→ **About this exercise**:
Where "Hair" appears in a line of the entries below, that line should be copied.

→ **Dataset entries**:

####################

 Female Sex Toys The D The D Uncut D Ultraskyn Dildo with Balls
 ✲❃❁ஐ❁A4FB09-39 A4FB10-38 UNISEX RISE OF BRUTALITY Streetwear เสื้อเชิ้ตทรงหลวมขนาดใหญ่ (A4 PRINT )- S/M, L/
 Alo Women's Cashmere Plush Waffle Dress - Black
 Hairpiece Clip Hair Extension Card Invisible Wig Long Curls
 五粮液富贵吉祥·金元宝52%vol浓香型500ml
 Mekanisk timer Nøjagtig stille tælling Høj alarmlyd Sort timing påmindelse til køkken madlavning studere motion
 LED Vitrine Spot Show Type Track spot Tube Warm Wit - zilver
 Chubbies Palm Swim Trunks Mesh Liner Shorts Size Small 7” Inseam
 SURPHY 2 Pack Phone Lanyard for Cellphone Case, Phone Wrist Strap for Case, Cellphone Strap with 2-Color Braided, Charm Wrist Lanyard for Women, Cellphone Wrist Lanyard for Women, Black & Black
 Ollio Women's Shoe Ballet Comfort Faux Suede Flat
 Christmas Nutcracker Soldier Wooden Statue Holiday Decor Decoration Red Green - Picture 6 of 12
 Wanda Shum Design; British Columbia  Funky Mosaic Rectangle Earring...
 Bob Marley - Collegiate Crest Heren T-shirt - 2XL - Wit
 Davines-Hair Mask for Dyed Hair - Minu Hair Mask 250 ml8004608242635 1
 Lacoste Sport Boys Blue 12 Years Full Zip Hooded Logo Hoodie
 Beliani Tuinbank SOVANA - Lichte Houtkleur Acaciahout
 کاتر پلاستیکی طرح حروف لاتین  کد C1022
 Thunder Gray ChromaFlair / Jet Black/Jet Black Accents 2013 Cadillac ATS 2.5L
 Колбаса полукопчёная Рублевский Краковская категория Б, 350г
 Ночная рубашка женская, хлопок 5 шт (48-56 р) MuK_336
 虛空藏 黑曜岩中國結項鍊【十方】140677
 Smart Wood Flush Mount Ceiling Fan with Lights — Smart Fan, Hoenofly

####################

→ **Answer for this exercise**:
 Hairpiece Clip Hair Extension Card Invisible Wig Long Curls
 Davines-Hair Mask for Dyed Hair - Minu Hair Mask 250 ml8004608242635 1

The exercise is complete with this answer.